Pleurobranchaea are cannibalistic, solitary creatures. When it comes to foraging, they are able to learn prey preferences and aversions based on odor. One food source that is preferable to a Pleurobranchaea is the Hermissenda.
A Pleurobranchaea will make a cost-benefit decision as it forages by integrating its appetitive state, internal state and sensation. Hungry animals will choose to orient towards any stimuli it senses that is produced by prey, such as betaine (trimethylglycine). Slugs with an even higher appetite will bite or attack even when they sense noxious stimuli. A satiated slug will actively avoid food.
Our goals were to build off this, artificially taking the Pleurobranchaea to the next evolutionary level enabling a slug not only decides not to eat, but it also acts to defend its territory and protect its food.
Simulating Pleurobranchaea
We opted to simulate the Pleurobranchaea neural circuit using NetLogo. NetLogo is a super easy to use programming language, and is often an introductory programming language. Plus, NetLogo has a large number of built in images that we could use to graphically represent our sea slugs.
For example, to create the Pleurobranchaea “breed” in NetLogo, we called a few constructors, and then initialize the values.
Once we created the creatures, we set up their odors, which enable our creatures to smell them.
When we have odors and creatures all we then have to do is build a the control components I will not cover that here. However, it is possible to view the code on the github page. We used the following control/neural circuit below, it’s very simplistic, but that’s exactly why we selected these animals.
Then once we created the basic motor functions, i.e. orient towards food. We moved to adding the aggressive state once they ate enough food. This adds quite a bit of complexity, but indeed creates a territorial sea slug.

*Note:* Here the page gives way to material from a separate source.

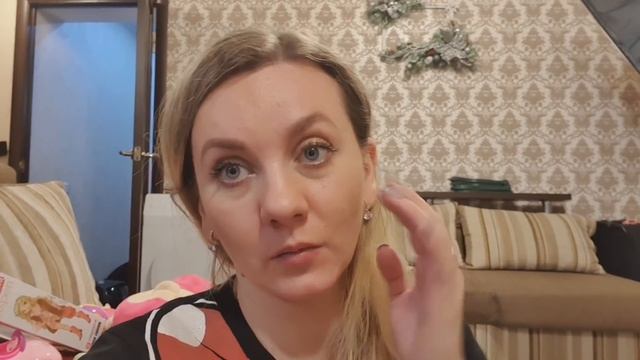 ВЛОГ: БРОСИЛА ДЕТЕЙ И УЕХАЛА ПОКОРЯТЬ СТОЛИЦУ смотреть онлайн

Once we implemented the control loops above, we were able to get excellent results. Eventually, we implemented two “breeds” of slugs, so that slugs of the same species would not fight each other. This lead to one species always taking over the pool and chasing the other species away. It always happened in the same way:
Phase #1: Identify the Food Pool
Until one species gains enough satiation to fight, they will be tolerant of all species. However, once one of our simulated pleurobranchaea gain enough satiation, they will begin protecting the pool. Ultimately, this leads to a power struggle, which can take anywhere from a few seconds to minutes, real world time.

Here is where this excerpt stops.